686 So. 2d 258 | Ala. Civ. App. | 1995
Lead Opinion
Sherry Duke appeals from a judgment entered on a jury verdict for Gold Kist, Inc. Duke sued Gold Kist claiming that she was injured when she slipped in water, grease, and other substances that had accumulated on the floor of the defendant’s poultry processing plant, creating what she said was an unsafe or hazardous condition.
Gold Kist operates a poultry processing plant in Trussville. The United States Department of Agriculture has an office and break room at the plant to facilitate the inspection of the poultry products processed at the plant. Duke, a USDA employee, had been working at Gold Kist’s Trussville plant for nine months before her accident. She testified that she knew the break room floor was “always slippery and wet, and greasy, and it was dirty.” She said that as she was leaving the USDA office or break room to enter the poultry processing area on February 20,1994, she slipped on the wet floor and injured her back.
Duke contends that the trial court erred in refusing to give two of her requested jury instructions. In reviewing the adequacy of jury instructions, this Court must read and consider the charge as a whole. Grayco Resources, Inc. v. Poole, 500 So.2d 1030, 1033 (Ala.1986) “The law is clear that the refusal of a requested charge is not error where the trial court’s oral charge ‘substantially and fairly’ covers the same principles as the requested charge.” Volkswagen of America, Inc. v. Marinetti, 628 So.2d 378, 384-85 (Ala.1993); Rule 51, Ala.R.Civ.P. However, Duke was entitled to have her theory of the ease, made by the pleadings and the issues, presented to the jury by the proper instructions. Crittenden v. Bright, 652 So.2d 236 (Ala.1994); Alabama Farm Bureau Mutual Insurance Service, Inc. v. Jericho Plantation, Inc., 481 So.2d 343 (Ala. 1985). Reversible error occurs when a trial court gives an incorrect or misleading instruction to the jury regarding the theory of the case, and, in such a case, a new trial is required. American Cast Iron Pipe Company v. Williams, 591 So.2d 854, 856 (Ala.1991).

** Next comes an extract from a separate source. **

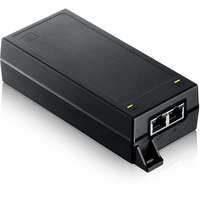 Zyxel POE12-60W 5 Gigabit Ethernet, PoE injektor Sort, 5 Gigabit Ethernet, 10,100,1000,2500,5000 Mbit/s, IEEE 802.3ab, IEEE 802.3bt, IEEE 802.3bz, IEEE 802.3u, Sort, 100-240 V, 50/60 Hz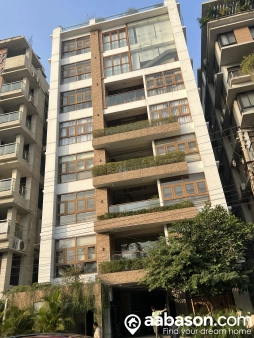  3 Bedroom Flat for rent in Baridhara Diplomatic Zone  Baridhara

The two refused jury instructions, when read together, present Duke’s theory of the case. The first one, Duke’s requested charge number 17, dealt with the burden of proving notice:
“I charge you, ladies and gentlemen of the jury, that the plaintiff has the burden of proving actual or constructive notice of the dangerous condition. However, an exception exists when the hazard was created by the defendant. In such situation, notice of the hazardous condition is imputed to the defendant, and there is no requirement that the plaintiff introduce any additional evidence to establish that the defendant had knowledge of the dangerous condition.”
The trial court instructed the jury that it was incumbent upon Ms. Duke to prove that Gold Kist had constructive knowledge of the water and grease on the floor, actual knowledge of the water and grease on the floor, or that Gold Kist was delinquent in not discovering the hazardous condition created by the water and grease and correcting it. Duke argues that the trial court erred in refusing to instruct the jury that if Gold Kist created the hazardous condition, then notice of that condition was imputed to Gold Kist and Duke was not required to prove that Gold Kist had knowledge, either actual or constructive, of the slippery floor.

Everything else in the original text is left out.